→ **Exercise prompt**: Copy out the full listing below as it stands, with its pictures left behind.

→ **The data**:
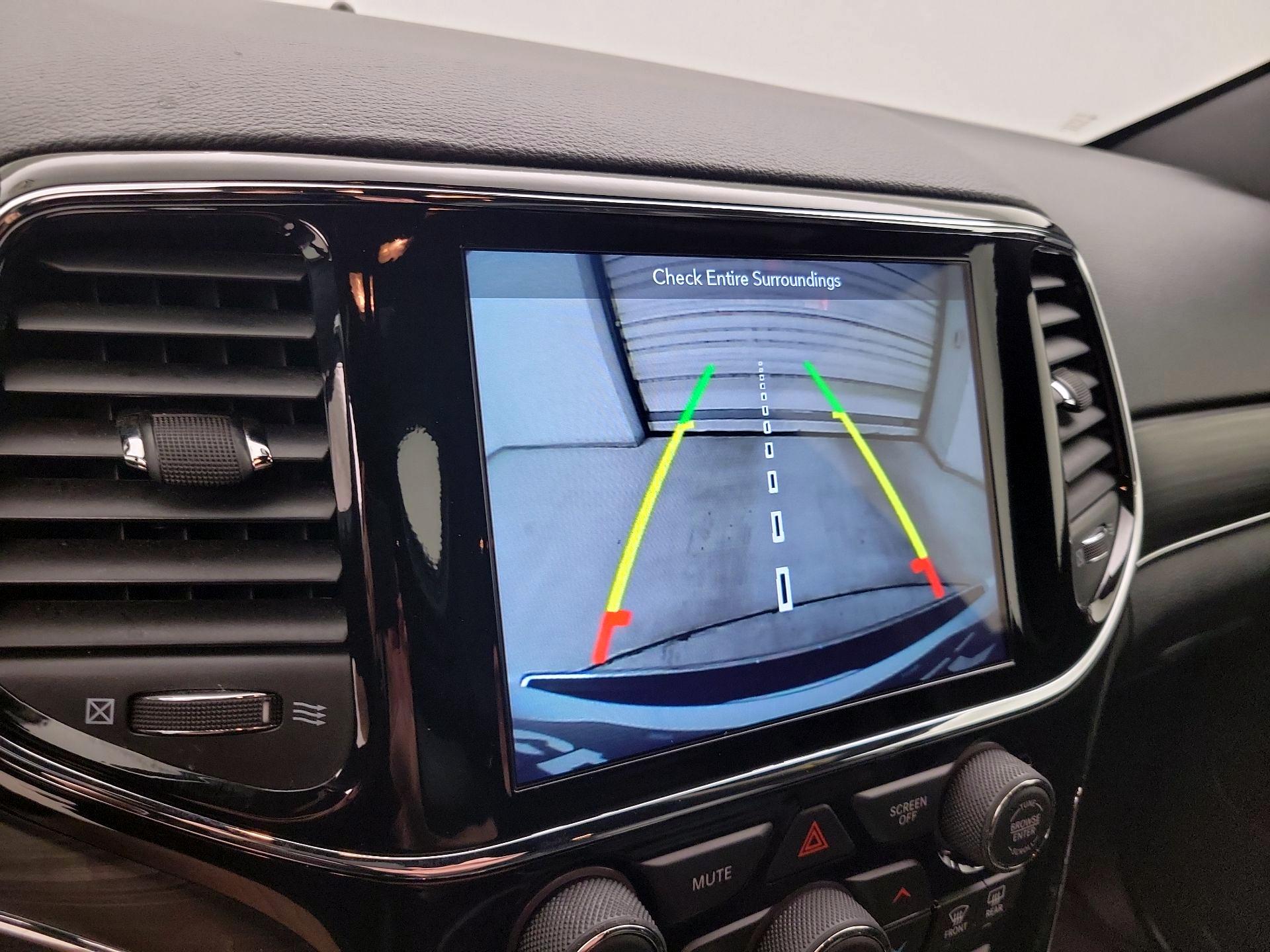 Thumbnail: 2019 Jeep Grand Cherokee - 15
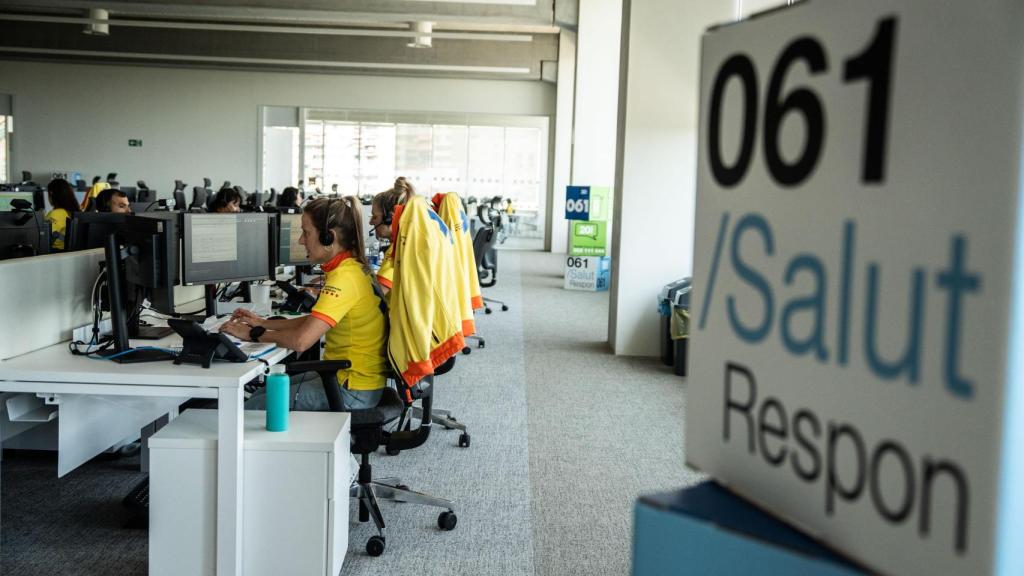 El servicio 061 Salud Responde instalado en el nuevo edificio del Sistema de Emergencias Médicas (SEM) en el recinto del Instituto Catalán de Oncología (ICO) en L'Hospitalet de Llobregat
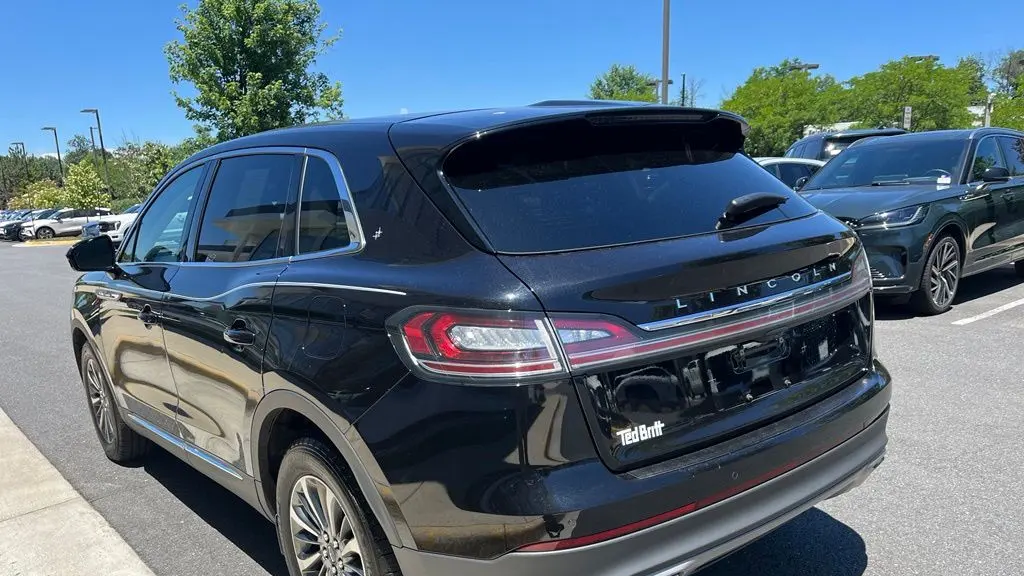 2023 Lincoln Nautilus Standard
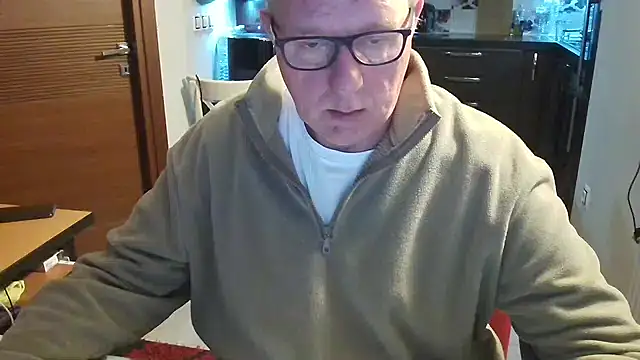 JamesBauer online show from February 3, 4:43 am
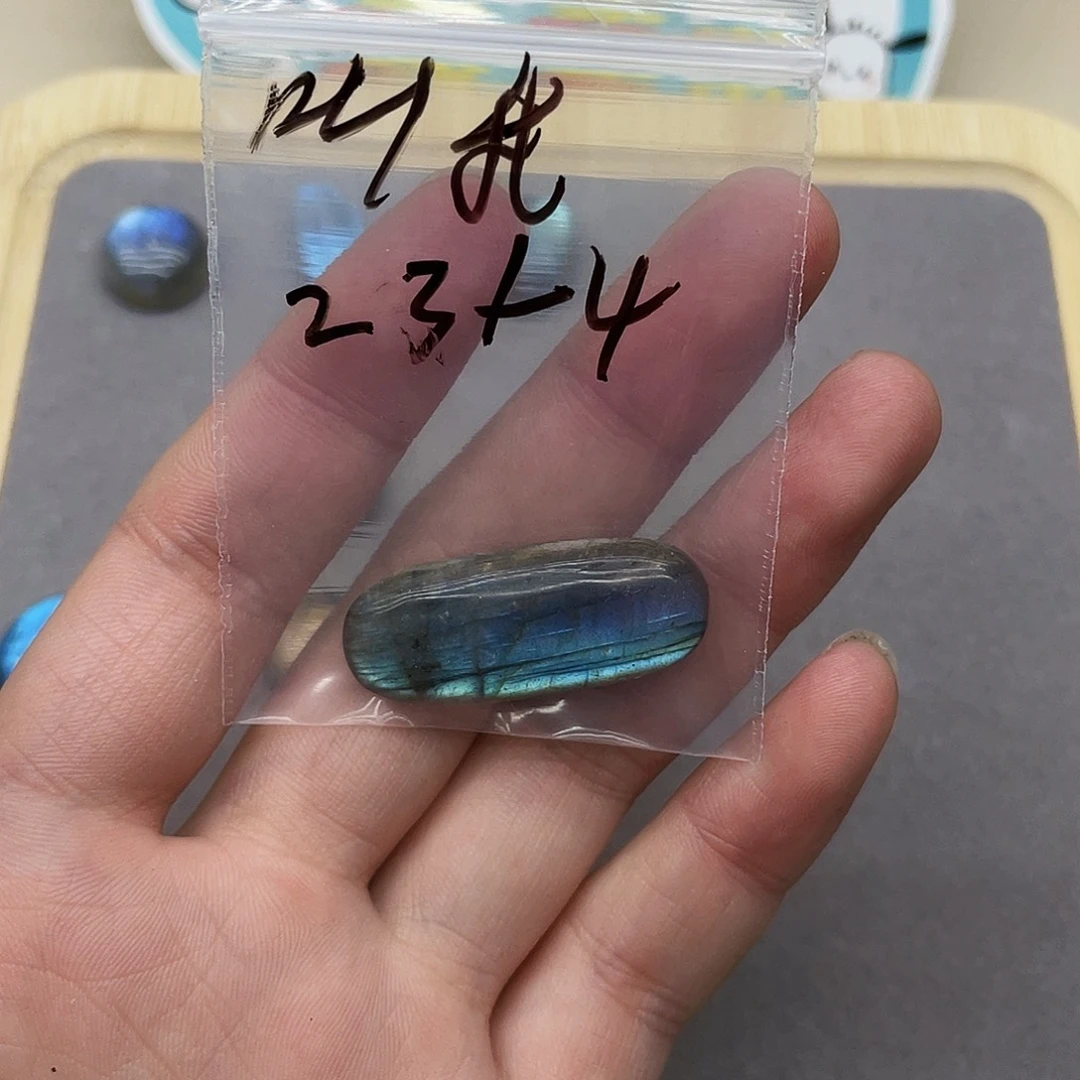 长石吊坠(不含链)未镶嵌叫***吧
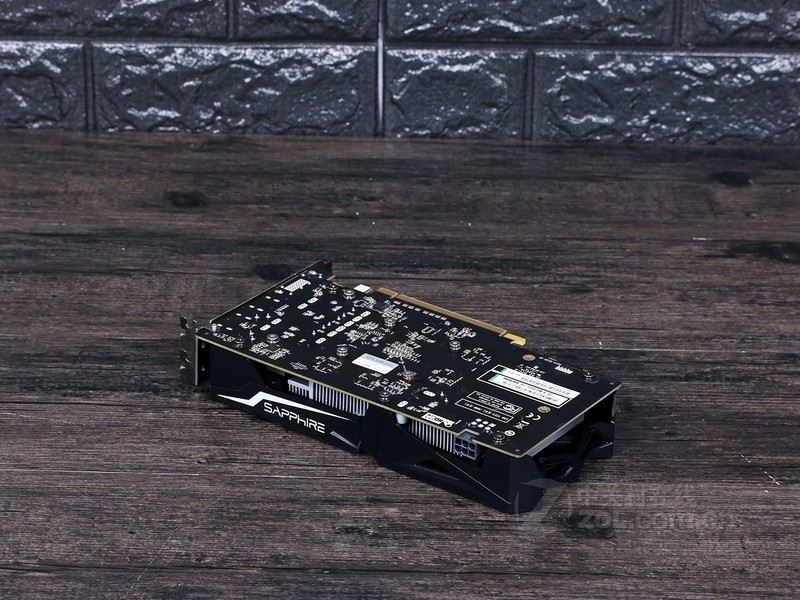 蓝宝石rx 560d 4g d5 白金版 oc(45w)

→ **Solved exercise**:
 Thumbnail: 2019 Jeep Grand Cherokee - 15
 El servicio 061 Salud Responde instalado en el nuevo edificio del Sistema de Emergencias Médicas (SEM) en el recinto del Instituto Catalán de Oncología (ICO) en L'Hospitalet de Llobregat
 2023 Lincoln Nautilus Standard
 JamesBauer online show from February 3, 4:43 am
 长石吊坠(不含链)未镶嵌叫***吧
 蓝宝石rx 560d 4g d5 白金版 oc(45w)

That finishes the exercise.